- Task item
Copy the data that follows, character for character, minus the pictures.

- Provided material
□ □ □
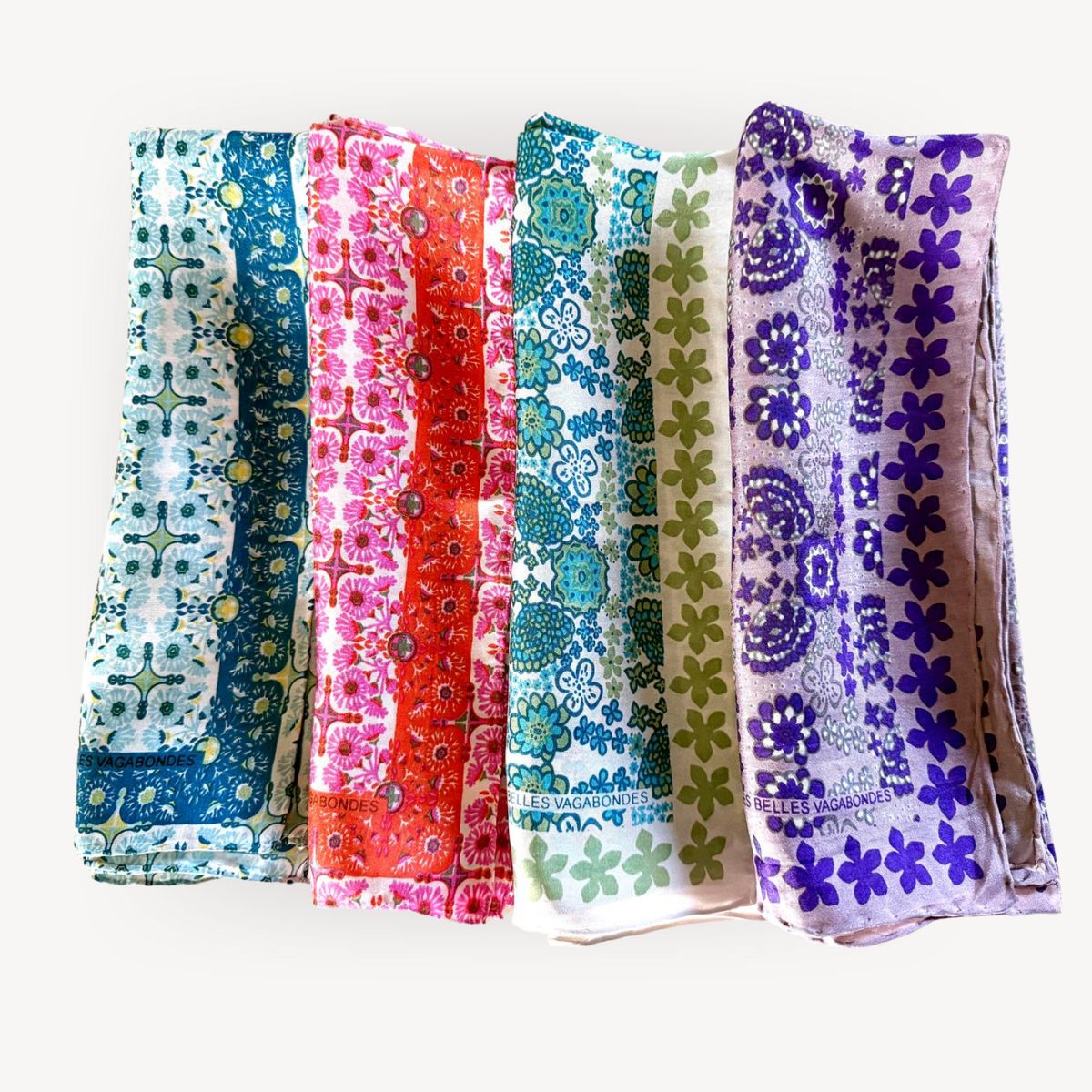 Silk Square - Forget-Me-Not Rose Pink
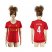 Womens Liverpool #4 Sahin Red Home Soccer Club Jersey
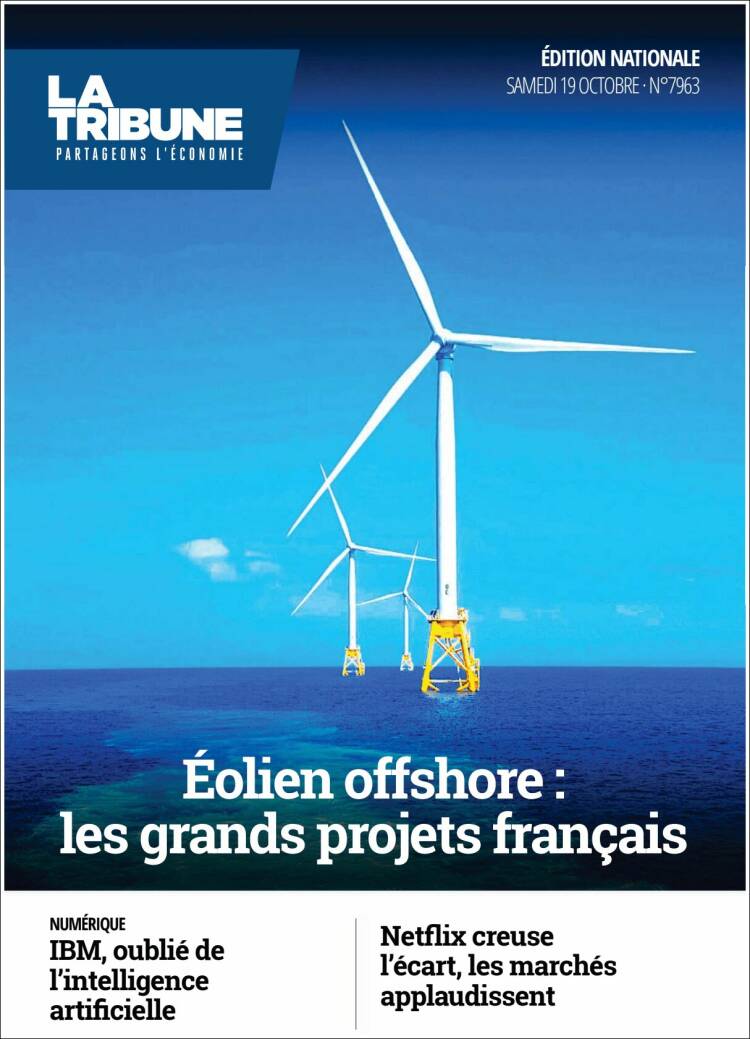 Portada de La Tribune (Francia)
□ □ □
- Output for this task
 Silk Square - Forget-Me-Not Rose Pink
 Womens Liverpool #4 Sahin Red Home Soccer Club Jersey
 Portada de La Tribune (Francia)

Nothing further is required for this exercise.